I would suggest an Atomizer that goes on the outline hose of your canister filter you are sure that all water has equal CO2 then and much more efficiant also as all CO2 is dissolved this way	*Co2 Atomizer like :  UP New Aquarium Co2 Atomizer System Hose D508-08 / D508-12 / D508-16 | eBay*


----------



## Pinkmummy79 (1 Apr 2013)

Thanks Michael, I have purchased one of these and also some Eheim hose to replace my current ribbed fluval so I can set this up, this is my next plan of action, thanks for confirming this should assist with c02 distribution.

I have been dosing Neutro Plus liquid carbon at 10ml per night to try and combat the bba and staghorn, the staghorn went red over night on Friday, I had done a 50% water change Thursday evening as i've been doing 2 weekly changes to try and combat the algae, Friday morning first thing I noticed was that the staghorn all over the bogwood was red so it was dying, but I've been double dosing liquid c02 for 3 weeks with no immediate results apart from a possible slow down in staghorn new growth, so I asked myself why would this happen overnight? To me, a novice this suggested a c02 overdose? Checking my regulator and FE, they are fine and haven't emptied into the water column, FE bottle pressure still reading 50. Throughout Friday and Saturday I started to notice my plants deteriating rapidly, they are breaking down!

I completed a further 50% water change Saturday and have been sat watching since.

Due to my large water changes, I have ignored my 5 day ei regime and have continued to dose both Macro and Trace on alternative days so as to not let there be a lack of nutrients in the water, I presume this is correct?

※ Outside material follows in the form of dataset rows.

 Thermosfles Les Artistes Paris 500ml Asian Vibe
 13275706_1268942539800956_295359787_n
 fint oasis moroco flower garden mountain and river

I'm dosing EI in solution, Macro on Mon, Weds and Fri with Trace onTues and Thurs, weekly 130 litre (50%) water changes on Mondays before the start of my EI cycle. Calculation of EI is based on the fluidsensoronline.com/calculator/ei for a 260 litre tank, I've really been trying to do my best, I don't mind at all putting in time to keep the water condition pristine and just can't work out what has happenned to my plants, the following plantshave been affected with a sudden change over a couple of days, translucent leaves, holes everywhere and leaves just falling off at will..

Plants are:
Hygrophila angustifolia (leaves translucent and large leaf loss suddenly)
Clinopodium Brownei ( leaves have darkened and look crumpled, whole plant new and old leaves)
Bulbs - Aponogeton Boivinianus (leaves have holes throughout top 4 inches, look really thin and translucent, like ladderred stockings!)

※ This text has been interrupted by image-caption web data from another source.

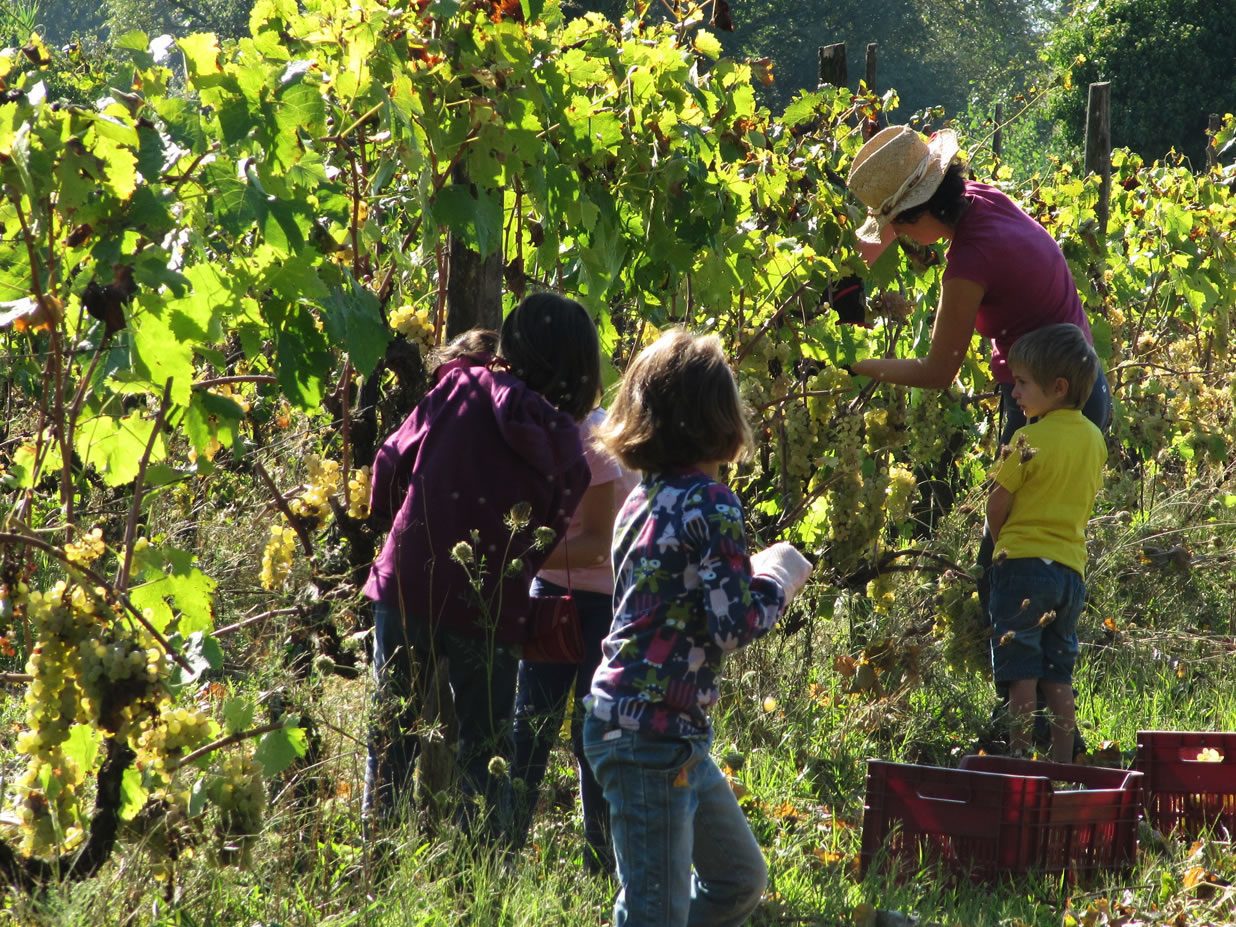 Agricoltura Contadina, Proposta di Legge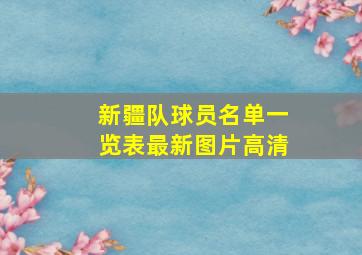 新疆队球员名单一览表最新图片高清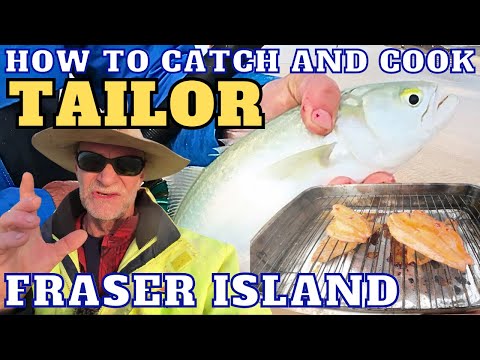 How To Catch and Cook TAILOR on Fraser Island  Catching Filleting Cooking fresh Tailor on the Beach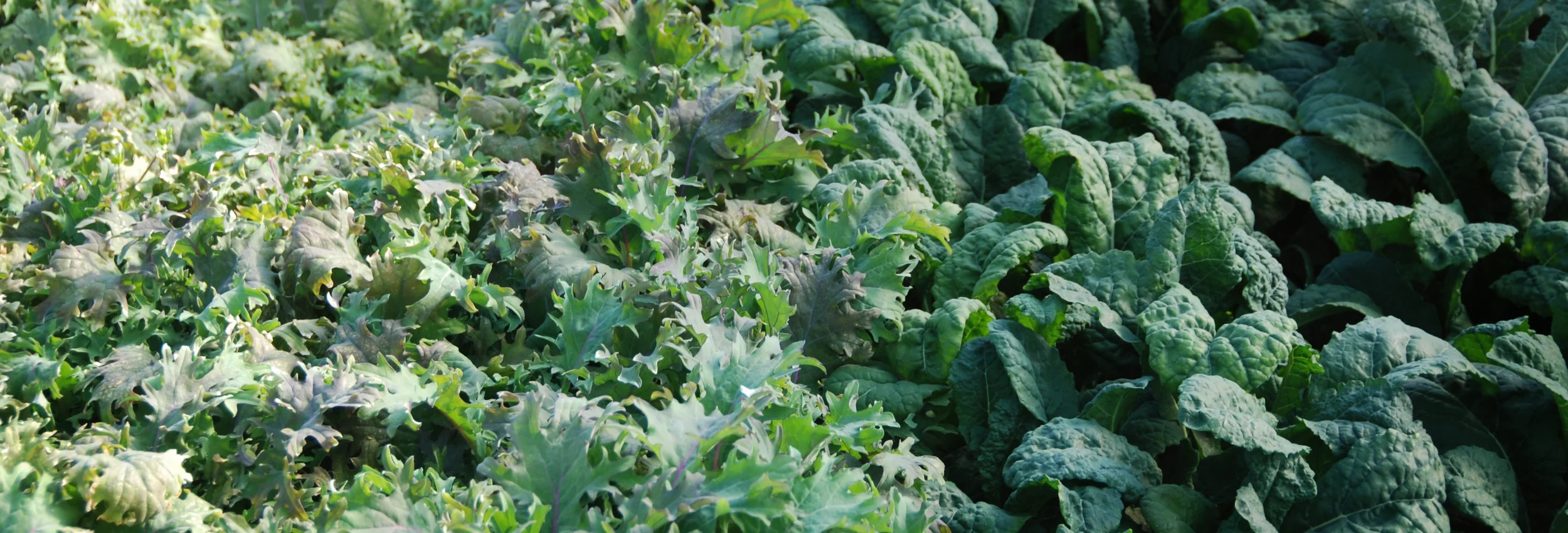 kale cover photo.jpg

I make a note in a notebook each day I dose anything and record how much of what and what time, I do this religiously , I know I only dosed 10 ml of liquid c02 on the evening before this happenned, I also dosed a 130ml Trace Solution n fed a tiny pinch of crumbled flake for my rasboroas, Filter has been checked and appears fine, no blockages, no mantenance required at the moment, filter floss changed only.

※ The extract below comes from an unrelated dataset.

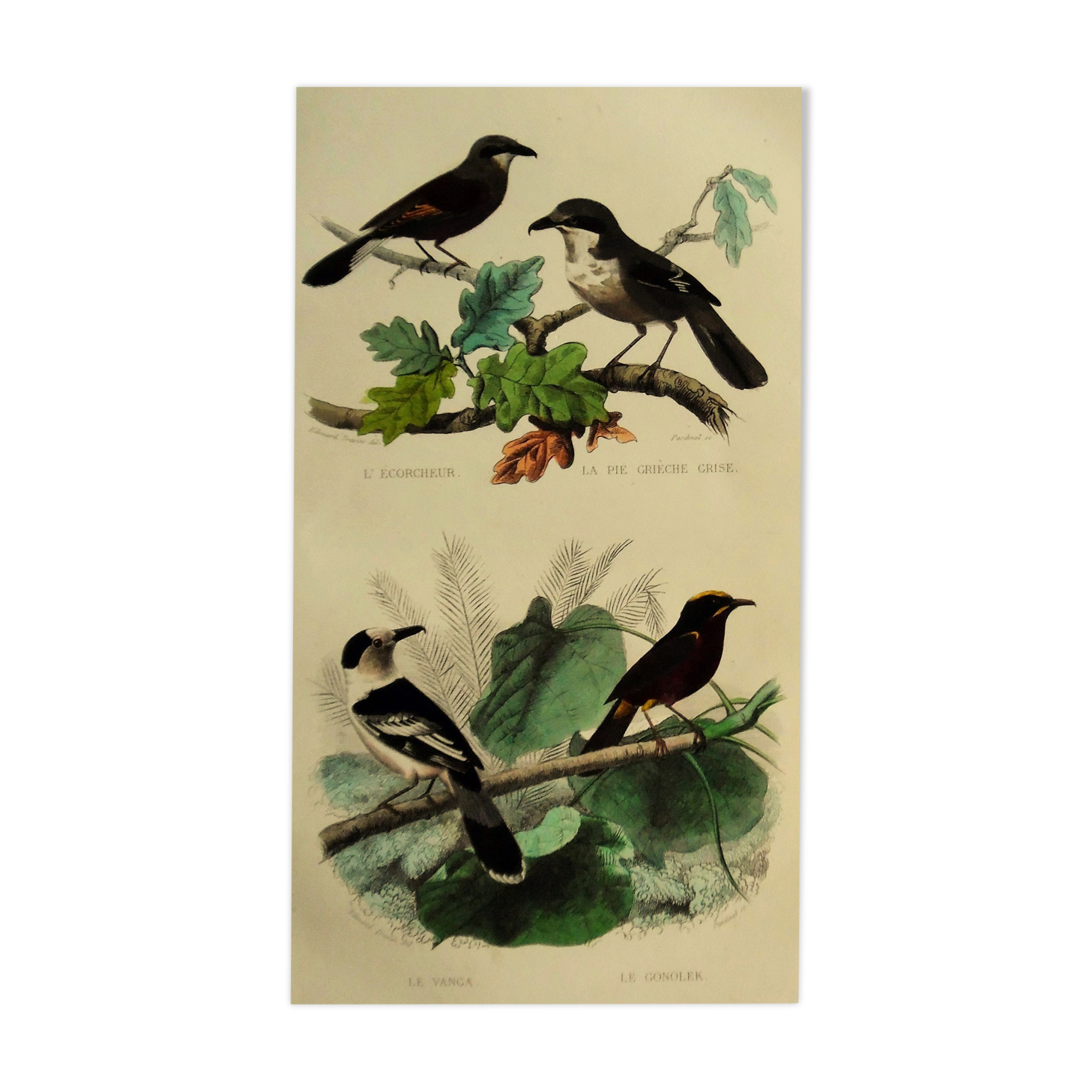 Buffon 1838 - ornithological board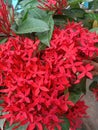 Indian flower Ixora coccinia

I'm continuing to dose ei daily and also liquid c02, things today seem to have at least levelled off in that there is vast damage to the plants mentioned which no doubt will lose the leaves that are affected throughout this week, my hc, weeping moss and fire moss seem unaffected as do the anubias nana and cyperus helferi.

I'm at a loss and pulling out my hair at the moment.


----------



## Michael Gilmore (1 Apr 2013)

Hi ,You say "_I know I only dosed 10 ml of liquid c02 on the evening before this happenned_" id say its a bad idea im no expert but should be in Morning when lights are on . CO2 helps prevent Algae from what i believe ,have you checked phosphorus and other nutrient levels in water as its easy to overdose these , as unless there being used etc.. and you add more  ? get a good test kit JBL do a good one

Use a Syringe with Excel Flourish and squirt directly at algae problem areas can help also as it will kill it....worth a try ,i have done this with good success

May i suggest the following livestock , Bristlenose pleco , Amano Shrimps ,  _*Otocinclus ,(siamese Algae eaters(Crossocheilus siamensis) ,*_ Bristlenose pleco_Ancistrus cirrhosus )_ love bb & staghorn algae )

I have these and they do a great job keeping plants in great shape

Good Article here Algae prevention in your planted tank | Features | Practical Fishkeeping

Another one  : Algae Control in freshwater planted aquariums - Yamato Green

Good Solution to try here : Algae Control in Freshwater Aquariums!


----------



## ceg4048 (2 Apr 2013)

Hello,
		I agree 100% with martinmjr62's advice. Poor flow and distribution in this tank is the root cause of the CO2 related faults. The OP is encouraged to rework the configuration of the filter outlets and powerhead positions. Having flow outlets pointed at opposing directions is self defeating.

Cheers,


----------



## Pinkmummy79 (2 Apr 2013)

Thanks guys,
I have been concerned with the c02 distribution and flow, hence why I purchased the 2 powerheads, it still isn't right obviously so i'll take on board your valuable advice after all that's what I was hoping for and why I asked the questions...
I'll start by changing my pipes from the ribbed fluval to the eheim and add the inline atomiser over the next few days and also look to purchase a spray bar for the existing filter,  I know this filter isn't the best for flow/velocity and I could do with a second to run the other side of the tank, i'll keep my eyes on the clasifieds for a good used one with the plan to use that with a spray bar too, in the meantime i'll move the powerheads to the rear glass and point towards the front to create the flow hopefully required.
thanks again


----------



## Pinkmummy79 (2 Apr 2013)

My thread is now proably in the wrong section as it's encompassed a few issues now, so if the Mods wish to move it then please feel free.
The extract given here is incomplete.